Exercise aim -> Below are the records. Reproduce exactly the lines from the one containing "Russian strikes kill" through the final line, and omit any pictures.

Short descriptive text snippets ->
╔══

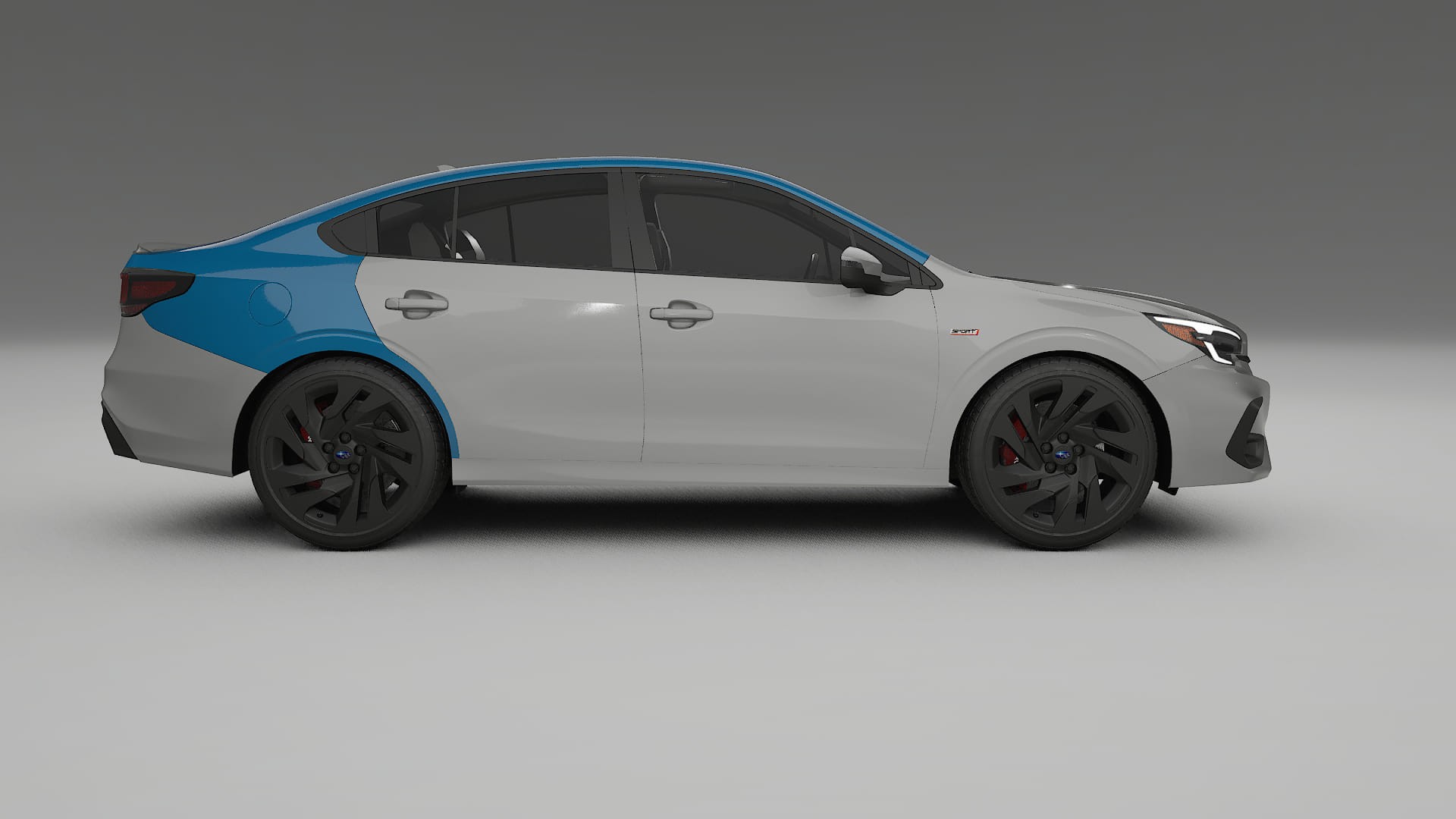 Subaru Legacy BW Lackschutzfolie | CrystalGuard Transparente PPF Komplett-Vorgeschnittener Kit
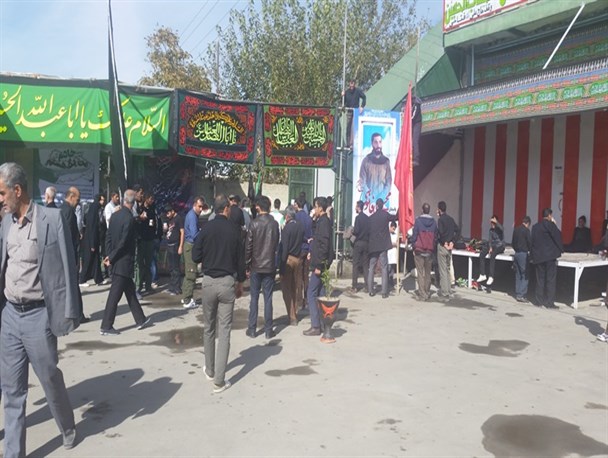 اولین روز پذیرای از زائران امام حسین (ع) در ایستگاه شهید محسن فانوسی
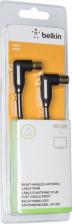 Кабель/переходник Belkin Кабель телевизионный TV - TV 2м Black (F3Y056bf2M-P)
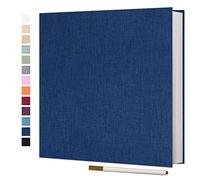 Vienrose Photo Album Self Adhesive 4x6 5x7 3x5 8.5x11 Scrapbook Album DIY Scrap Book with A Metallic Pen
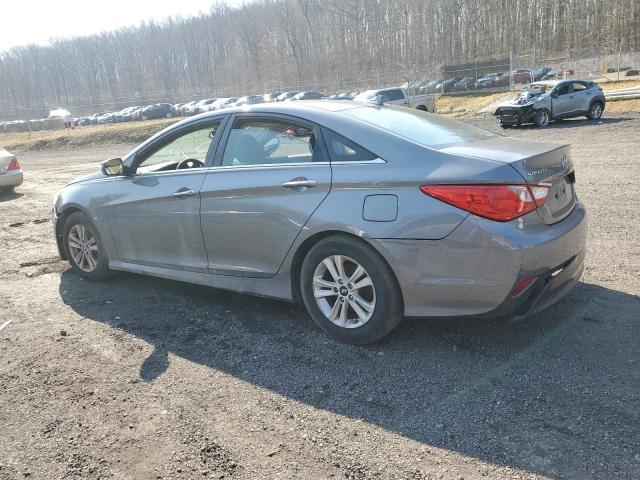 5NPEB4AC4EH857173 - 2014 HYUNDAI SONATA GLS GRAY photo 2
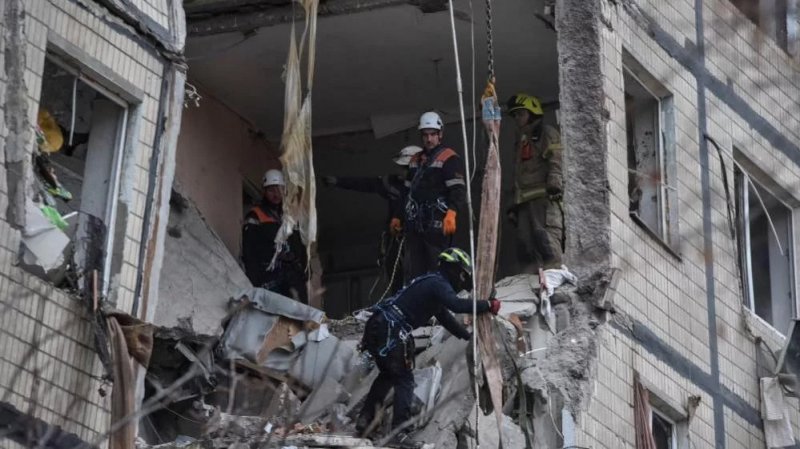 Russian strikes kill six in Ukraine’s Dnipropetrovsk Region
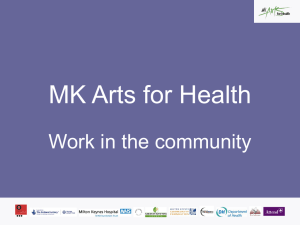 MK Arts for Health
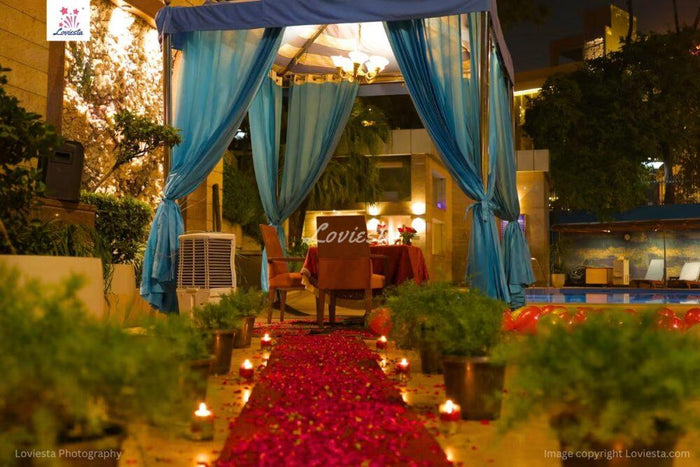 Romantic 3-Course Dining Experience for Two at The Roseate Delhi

╚══

Output below ->
 Russian strikes kill six in Ukraine’s Dnipropetrovsk Region
 MK Arts for Health
 Romantic 3-Course Dining Experience for Two at The Roseate Delhi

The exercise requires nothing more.